Elastic APM is an application performance monitoring system built on the Elastic Stack. It allows you to monitor software services and applications in real time, collecting detailed performance information on response time for incoming requests, database queries, calls to caches, external HTTP requests, etc. This makes it easier to pinpoint and fix performance problems quickly. Elastic APM also automatically collects unhandled errors and exceptions. Errors are grouped based primarily on the stacktrace, so you can identify new errors as they appear and keep an eye on how many times specific errors happen. ~ Elastic APM

In this post we will look at how we can add our (existing) Python Script, to Elastic’s APM performance monitoring tool. APM is a very powerful (and free) tool by Elastic and gives us very useful insight by showing the “Events” The occur in our program.
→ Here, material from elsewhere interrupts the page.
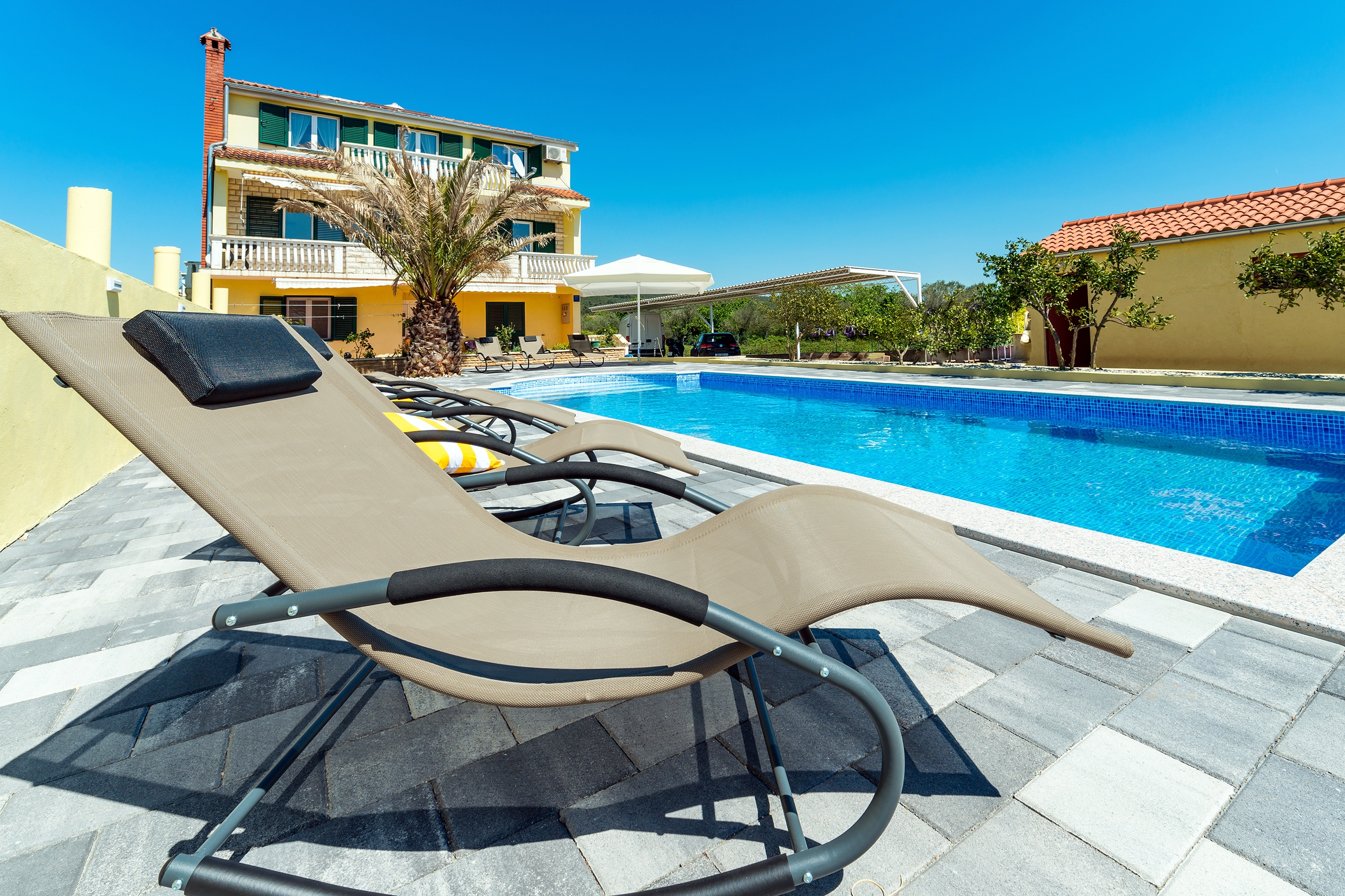 Three bedroom apartment with terrace Bibinje, Zadar (A-6121-c) Three bedroom apartment with terrace Bibinje, Zadar (A-6121-c)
If you’re unfamiliar with Elastic’s APM concept, I strongly advise to read Elastic’s APM Overview before proceeding.


Install APM Server (Using APT)

Pre-requisites:

  • Elasticsearch
  • Kibana

For this post, we will use APT (e.g. used in Debian and Ubuntu OS) to install APM-Server, but there are other methods if you don’t want to use APT. See Elastic’s guide for more details on installing APM-server, as well as installing Kibana and Elasticsearch.

Here’s a run down of the CLI commands:

  • Download and install the Public Signing Key
  • May need to install apt-transport-https package on Debian
  • Save repo definition
  • install apm-server
  • configure apm-server to automatically start on boot
wget -qO - https://artifacts.elastic.co/GPG-KEY-elasticsearch | sudo apt-key add -
sudo apt-get install apt-transport-https
echo "deb https://artifacts.elastic.co/packages/7.x/apt stable main" | sudo tee -a /etc/apt/sources.list.d/elastic-7.x.list
sudo apt-get update && sudo apt-get install apm-server
sudo update-rc.d apm-server defaults 95 10


Configure APM-Server

Before we start APM-server, we need to configure it. More details on Elastic’s docs
Config file location: /etc/apm-server/apm-server.yml

Basic Config:

apm-server:
  host: localhost:8200

output.elasticsearch:
  hosts: ["__Your_Elasticsearch_Address__:9200"]
  username: "your_elasticsearch_username" # If you didn't setup authentication for your Elasticsearch Instance,
  password: "your_elasticsearch_password" # you can leave these 2 fields blank

Start APM-server:

sudo systemctl start apm-server


Create Python Agent out of our Python Code

Normally, when I write my python code, I like to an environemnt setup for it (e.g. an anaconda environment). This is so that I can keep my project’s dependancies separate from the default dependancies on my system.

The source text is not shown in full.